YOUR TASK
Write out each line below precisely, passing over the pictures.

MATERIAL PROVIDED
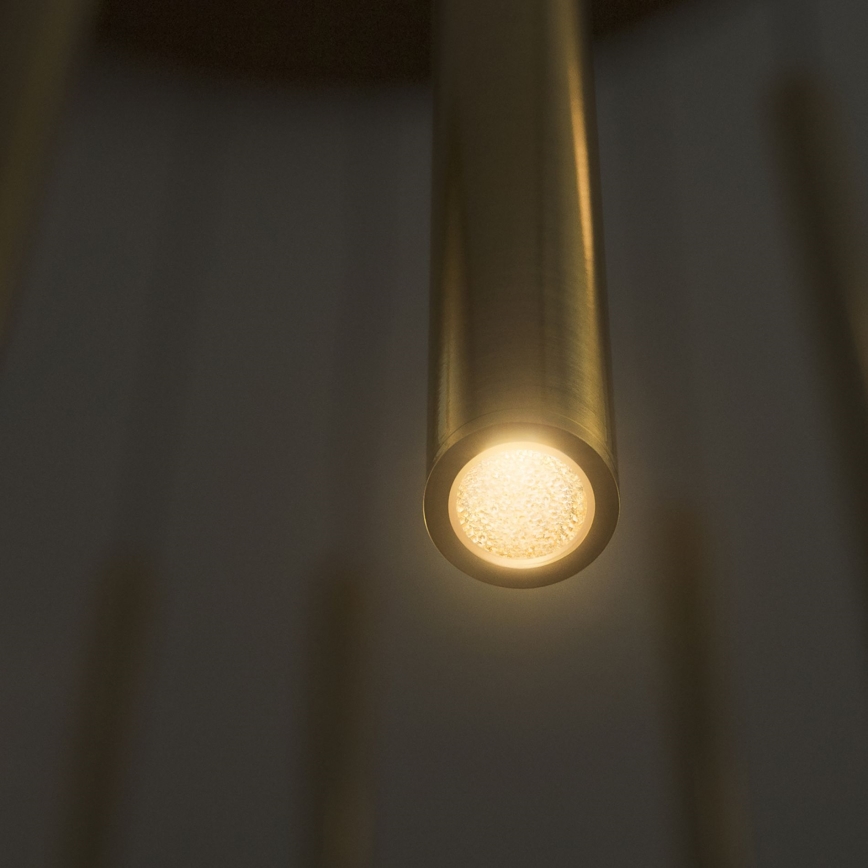 Ideal Lux - Lampadario LED a sospensione con filo FILO LED/25W/230V ottone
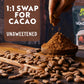 Plant Junkie Organic Cacao Powder - Unsweetened Dark Chocolate, 8 oz, Non-GMO, Gluten Free, Kosher
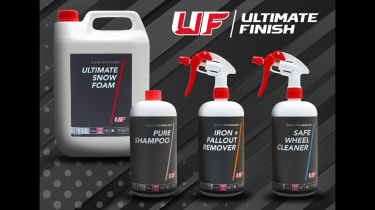 Ultimate Finish Exterior Essentials kit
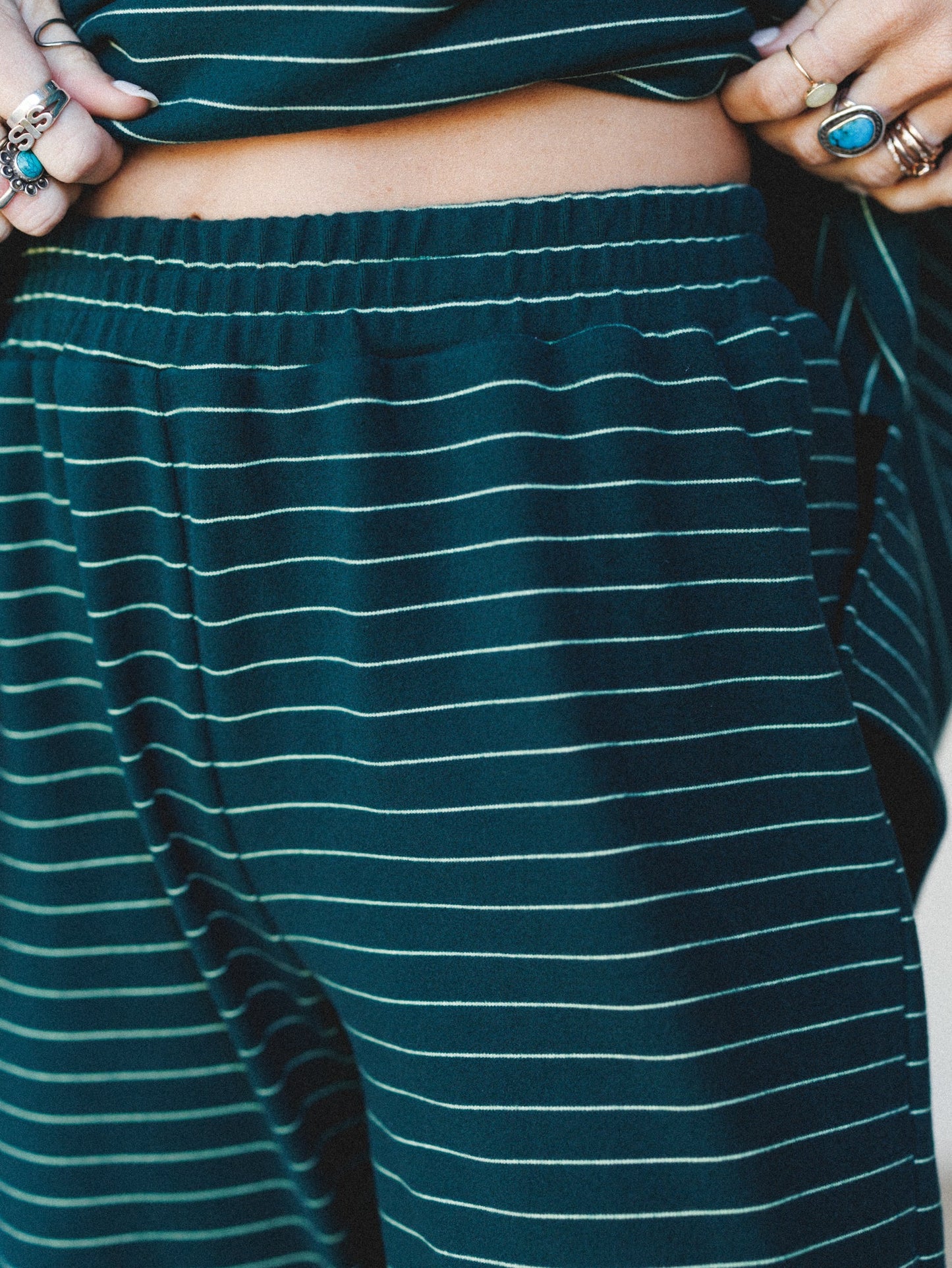 Comfort Mode Pants - Green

ANSWER SECTION
 Ideal Lux - Lampadario LED a sospensione con filo FILO LED/25W/230V ottone
 Plant Junkie Organic Cacao Powder - Unsweetened Dark Chocolate, 8 oz, Non-GMO, Gluten Free, Kosher
 Ultimate Finish Exterior Essentials kit
 Comfort Mode Pants - Green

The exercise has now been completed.